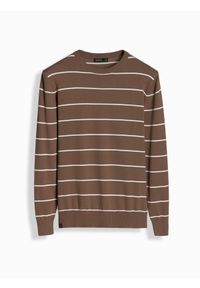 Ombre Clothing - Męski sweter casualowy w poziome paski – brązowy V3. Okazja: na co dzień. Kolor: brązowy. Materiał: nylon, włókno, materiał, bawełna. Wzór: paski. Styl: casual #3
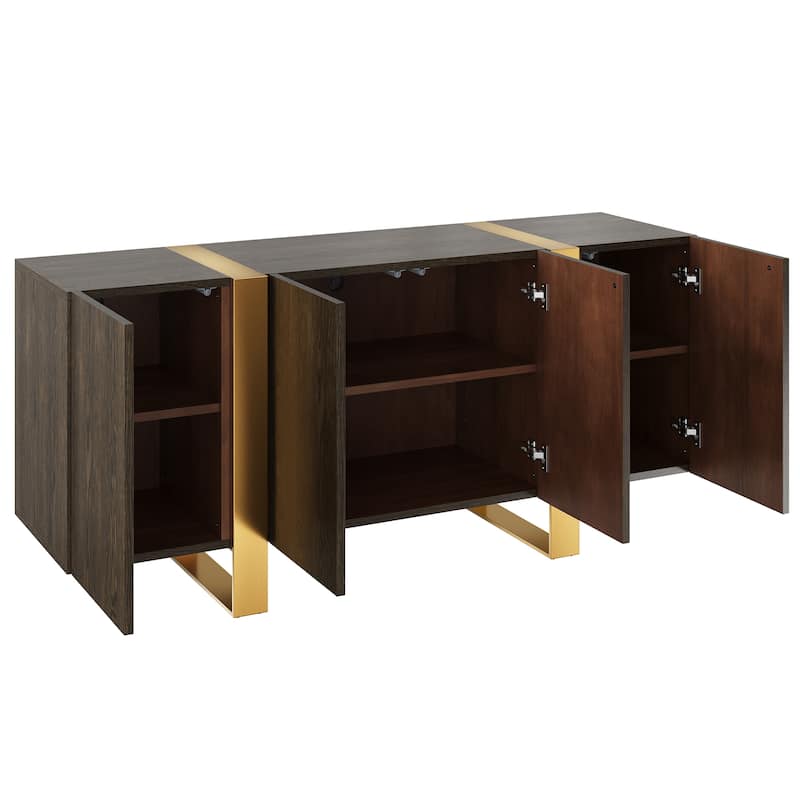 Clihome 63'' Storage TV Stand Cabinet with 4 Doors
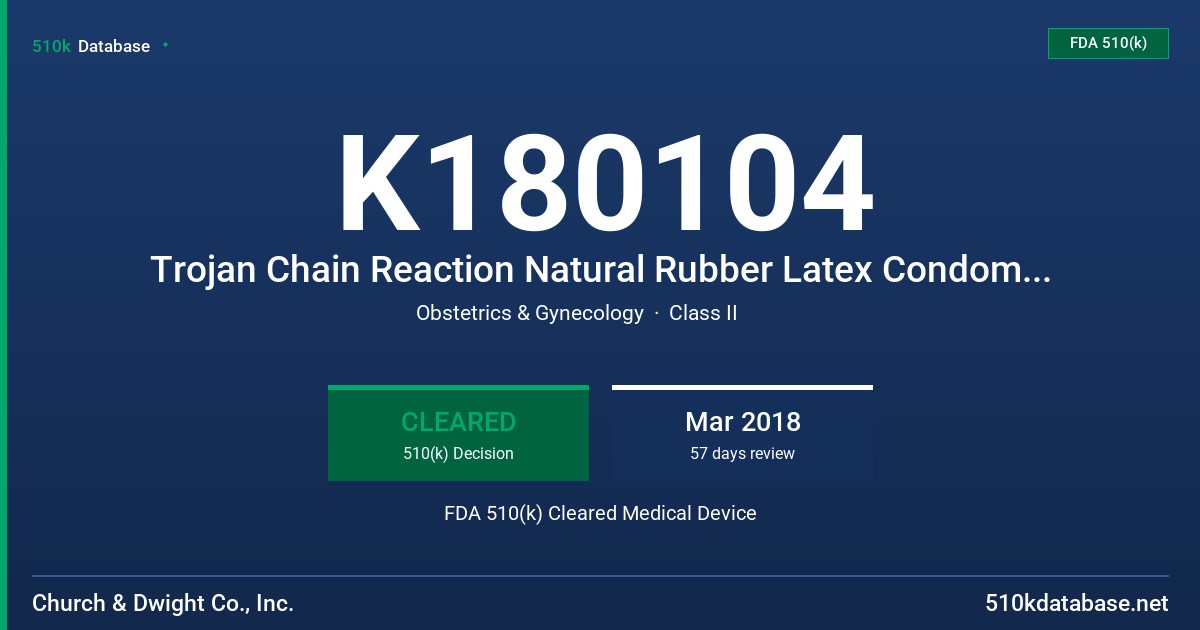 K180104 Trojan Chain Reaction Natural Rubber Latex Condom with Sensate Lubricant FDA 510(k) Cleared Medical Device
* * *
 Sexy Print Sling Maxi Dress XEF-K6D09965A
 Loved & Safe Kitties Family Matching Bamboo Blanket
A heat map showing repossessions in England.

=== PROBLEM TO SOLVE ===
In the listing above, find the line containing "Clihome 63'' Storage". Output it and every line after it up to and including the line containing "K180104 Trojan Chain", exactly, but skip the pictures.

=== RESPONSE AREA ===
 Clihome 63'' Storage TV Stand Cabinet with 4 Doors
 K180104 Trojan Chain Reaction Natural Rubber Latex Condom with Sensate Lubricant FDA 510(k) Cleared Medical Device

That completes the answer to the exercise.